22.11: Electric Field of a Continuous Line Charge
In physics, symmetry in a system means that something in the considered system remains unchanged due to a specific operation to which it is subjected. For example, consider a horizontal square. The square looks the same if its right and left sides are interchanged. Hence, it is symmetric under a right-left interchange.
In calculations of electric fields, symmetry is of great use. For example, while calculating electric fields of continuous charge distributions.
Consider a line element with a uniform line charge density. The electric field of interest is at a point perpendicular to the line and exactly along its midpoint.
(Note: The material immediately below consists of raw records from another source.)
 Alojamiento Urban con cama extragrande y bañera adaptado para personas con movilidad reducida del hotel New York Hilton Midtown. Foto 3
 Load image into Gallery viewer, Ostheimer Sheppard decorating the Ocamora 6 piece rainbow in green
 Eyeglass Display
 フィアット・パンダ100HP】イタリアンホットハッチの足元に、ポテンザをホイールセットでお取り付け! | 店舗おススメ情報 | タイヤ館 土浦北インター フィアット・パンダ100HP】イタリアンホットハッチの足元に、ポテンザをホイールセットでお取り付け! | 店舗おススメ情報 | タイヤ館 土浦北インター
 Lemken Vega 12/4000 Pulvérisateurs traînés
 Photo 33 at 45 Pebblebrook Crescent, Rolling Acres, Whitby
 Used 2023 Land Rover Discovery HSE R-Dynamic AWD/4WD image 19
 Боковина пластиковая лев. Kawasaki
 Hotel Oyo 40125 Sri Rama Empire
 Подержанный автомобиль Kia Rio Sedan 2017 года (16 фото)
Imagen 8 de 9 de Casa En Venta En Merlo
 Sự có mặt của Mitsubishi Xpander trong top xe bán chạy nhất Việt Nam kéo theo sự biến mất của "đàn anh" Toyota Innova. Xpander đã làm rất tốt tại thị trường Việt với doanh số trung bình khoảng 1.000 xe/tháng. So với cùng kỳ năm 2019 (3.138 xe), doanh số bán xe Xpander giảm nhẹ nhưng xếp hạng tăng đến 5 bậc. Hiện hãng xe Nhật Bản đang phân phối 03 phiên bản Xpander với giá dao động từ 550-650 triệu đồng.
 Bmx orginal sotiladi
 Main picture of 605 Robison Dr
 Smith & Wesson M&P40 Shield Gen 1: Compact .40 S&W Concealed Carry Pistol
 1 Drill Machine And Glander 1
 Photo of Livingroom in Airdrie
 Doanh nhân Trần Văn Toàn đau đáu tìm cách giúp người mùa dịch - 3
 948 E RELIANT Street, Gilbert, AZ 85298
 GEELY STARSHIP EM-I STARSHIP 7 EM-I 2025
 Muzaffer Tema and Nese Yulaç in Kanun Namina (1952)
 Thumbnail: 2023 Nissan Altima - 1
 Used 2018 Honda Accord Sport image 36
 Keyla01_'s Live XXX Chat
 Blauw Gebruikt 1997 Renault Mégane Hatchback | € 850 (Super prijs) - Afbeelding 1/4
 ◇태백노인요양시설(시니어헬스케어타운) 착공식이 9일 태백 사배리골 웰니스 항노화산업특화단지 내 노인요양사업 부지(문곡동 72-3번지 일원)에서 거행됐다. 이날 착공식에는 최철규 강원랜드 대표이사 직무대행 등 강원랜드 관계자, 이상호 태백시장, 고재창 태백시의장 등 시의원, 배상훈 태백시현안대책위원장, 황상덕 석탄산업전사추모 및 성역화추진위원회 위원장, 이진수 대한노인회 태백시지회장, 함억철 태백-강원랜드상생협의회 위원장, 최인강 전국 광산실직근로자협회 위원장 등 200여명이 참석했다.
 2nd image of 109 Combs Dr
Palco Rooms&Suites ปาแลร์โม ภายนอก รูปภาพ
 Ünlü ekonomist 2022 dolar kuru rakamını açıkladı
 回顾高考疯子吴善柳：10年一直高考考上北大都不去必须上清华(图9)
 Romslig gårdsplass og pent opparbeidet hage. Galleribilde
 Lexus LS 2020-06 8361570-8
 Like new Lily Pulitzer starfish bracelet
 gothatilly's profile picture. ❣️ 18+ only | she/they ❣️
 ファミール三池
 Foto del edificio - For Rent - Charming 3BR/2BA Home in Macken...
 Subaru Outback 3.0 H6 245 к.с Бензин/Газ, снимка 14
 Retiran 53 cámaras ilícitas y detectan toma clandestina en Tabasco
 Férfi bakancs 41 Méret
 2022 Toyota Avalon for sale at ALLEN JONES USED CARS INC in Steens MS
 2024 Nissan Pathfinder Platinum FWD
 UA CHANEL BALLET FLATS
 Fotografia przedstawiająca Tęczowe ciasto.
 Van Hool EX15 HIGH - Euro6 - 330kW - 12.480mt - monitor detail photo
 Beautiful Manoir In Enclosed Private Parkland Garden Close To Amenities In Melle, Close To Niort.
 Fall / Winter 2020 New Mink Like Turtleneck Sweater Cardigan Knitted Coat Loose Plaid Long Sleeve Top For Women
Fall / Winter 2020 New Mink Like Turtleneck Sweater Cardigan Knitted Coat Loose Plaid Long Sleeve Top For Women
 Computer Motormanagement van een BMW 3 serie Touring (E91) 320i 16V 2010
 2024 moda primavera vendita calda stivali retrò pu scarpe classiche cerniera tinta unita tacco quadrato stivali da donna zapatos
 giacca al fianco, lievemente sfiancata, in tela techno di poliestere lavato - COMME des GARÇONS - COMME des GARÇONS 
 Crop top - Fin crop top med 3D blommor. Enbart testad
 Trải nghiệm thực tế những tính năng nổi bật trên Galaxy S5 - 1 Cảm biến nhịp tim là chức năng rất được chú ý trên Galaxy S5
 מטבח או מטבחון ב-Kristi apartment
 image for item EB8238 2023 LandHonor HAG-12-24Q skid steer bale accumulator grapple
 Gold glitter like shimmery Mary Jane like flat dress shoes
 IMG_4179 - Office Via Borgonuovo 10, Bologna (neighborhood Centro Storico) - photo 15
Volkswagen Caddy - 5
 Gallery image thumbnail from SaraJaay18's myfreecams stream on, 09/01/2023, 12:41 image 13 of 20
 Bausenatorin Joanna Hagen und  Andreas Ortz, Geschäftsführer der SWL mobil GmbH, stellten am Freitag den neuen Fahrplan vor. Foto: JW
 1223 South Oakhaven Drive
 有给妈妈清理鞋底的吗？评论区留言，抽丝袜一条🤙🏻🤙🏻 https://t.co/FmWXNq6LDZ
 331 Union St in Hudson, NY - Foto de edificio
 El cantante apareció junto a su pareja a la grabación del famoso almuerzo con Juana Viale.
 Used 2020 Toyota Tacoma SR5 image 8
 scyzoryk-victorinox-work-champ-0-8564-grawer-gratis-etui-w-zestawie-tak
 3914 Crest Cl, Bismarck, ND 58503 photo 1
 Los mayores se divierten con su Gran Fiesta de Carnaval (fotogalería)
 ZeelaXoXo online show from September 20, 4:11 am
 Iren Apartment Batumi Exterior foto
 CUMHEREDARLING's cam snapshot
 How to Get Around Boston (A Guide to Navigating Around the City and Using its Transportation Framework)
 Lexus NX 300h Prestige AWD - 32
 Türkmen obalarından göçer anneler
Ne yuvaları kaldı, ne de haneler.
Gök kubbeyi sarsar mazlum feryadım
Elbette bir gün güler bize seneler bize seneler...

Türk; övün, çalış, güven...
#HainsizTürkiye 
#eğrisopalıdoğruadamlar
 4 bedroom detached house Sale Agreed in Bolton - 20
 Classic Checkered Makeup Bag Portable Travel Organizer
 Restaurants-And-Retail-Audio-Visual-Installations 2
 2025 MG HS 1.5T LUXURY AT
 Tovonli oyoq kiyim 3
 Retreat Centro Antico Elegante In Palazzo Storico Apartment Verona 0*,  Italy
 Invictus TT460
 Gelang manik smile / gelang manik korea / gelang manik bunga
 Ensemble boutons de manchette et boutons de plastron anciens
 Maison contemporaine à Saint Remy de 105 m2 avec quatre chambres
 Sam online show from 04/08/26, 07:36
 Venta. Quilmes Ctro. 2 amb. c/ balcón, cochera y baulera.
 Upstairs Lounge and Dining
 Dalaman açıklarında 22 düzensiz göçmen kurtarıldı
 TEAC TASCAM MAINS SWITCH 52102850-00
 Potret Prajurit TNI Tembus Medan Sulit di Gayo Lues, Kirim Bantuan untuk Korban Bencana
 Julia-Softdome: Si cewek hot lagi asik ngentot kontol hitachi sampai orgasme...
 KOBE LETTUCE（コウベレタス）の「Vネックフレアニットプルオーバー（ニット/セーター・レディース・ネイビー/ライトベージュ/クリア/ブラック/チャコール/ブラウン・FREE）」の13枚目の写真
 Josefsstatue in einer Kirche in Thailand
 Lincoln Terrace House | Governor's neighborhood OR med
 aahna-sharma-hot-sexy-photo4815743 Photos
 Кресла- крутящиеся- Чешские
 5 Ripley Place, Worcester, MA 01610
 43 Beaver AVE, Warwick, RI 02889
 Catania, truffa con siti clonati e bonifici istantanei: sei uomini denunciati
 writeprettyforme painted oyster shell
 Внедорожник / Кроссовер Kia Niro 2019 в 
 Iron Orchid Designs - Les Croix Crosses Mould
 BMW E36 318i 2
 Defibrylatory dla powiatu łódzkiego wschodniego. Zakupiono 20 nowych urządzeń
First, note that the principle of superposition allows the electric field to be written as a vector integral along the rod. The objects being integrated are infinitesimal vectors, each possessing a magnitude and a direction.
Next, notice that the rod is symmetric on the right and left of the perpendicular line going through its midpoint. This symmetry is then exploited to ease the calculation. Resolve the electric field caused by any line element into two components: one parallel to the rod and the other perpendicular to it. Notice that for each such line element, there is one exactly on the other side of the midpoint, creating an electric field whose parallel component is equal in magnitude and opposite in direction. Since this symmetry holds for each such pair along the rod, the net sum of the parallel components vanishes, leaving the perpendicular component.
Notice that the same symmetry ensures that the perpendicular components of the pair's electric field are equal in magnitude and direction, thus reinforcing each other. Hence, the total electric field is twice the vector sum of the perpendicular components of any one half of the rod.
If the field point is far from the rod, the expectation is that the rod's internal distribution should not matter, and the field resembles that of a point charge. That is what happens under the large distance approximation.
The small distance approximation gives rise to an interesting result. The electric field points away from the rod and falls off as the first power of the distance. Thus, there are two extremes. In one, the electric field falls off as the square of the distance. On the other, it falls as the distance.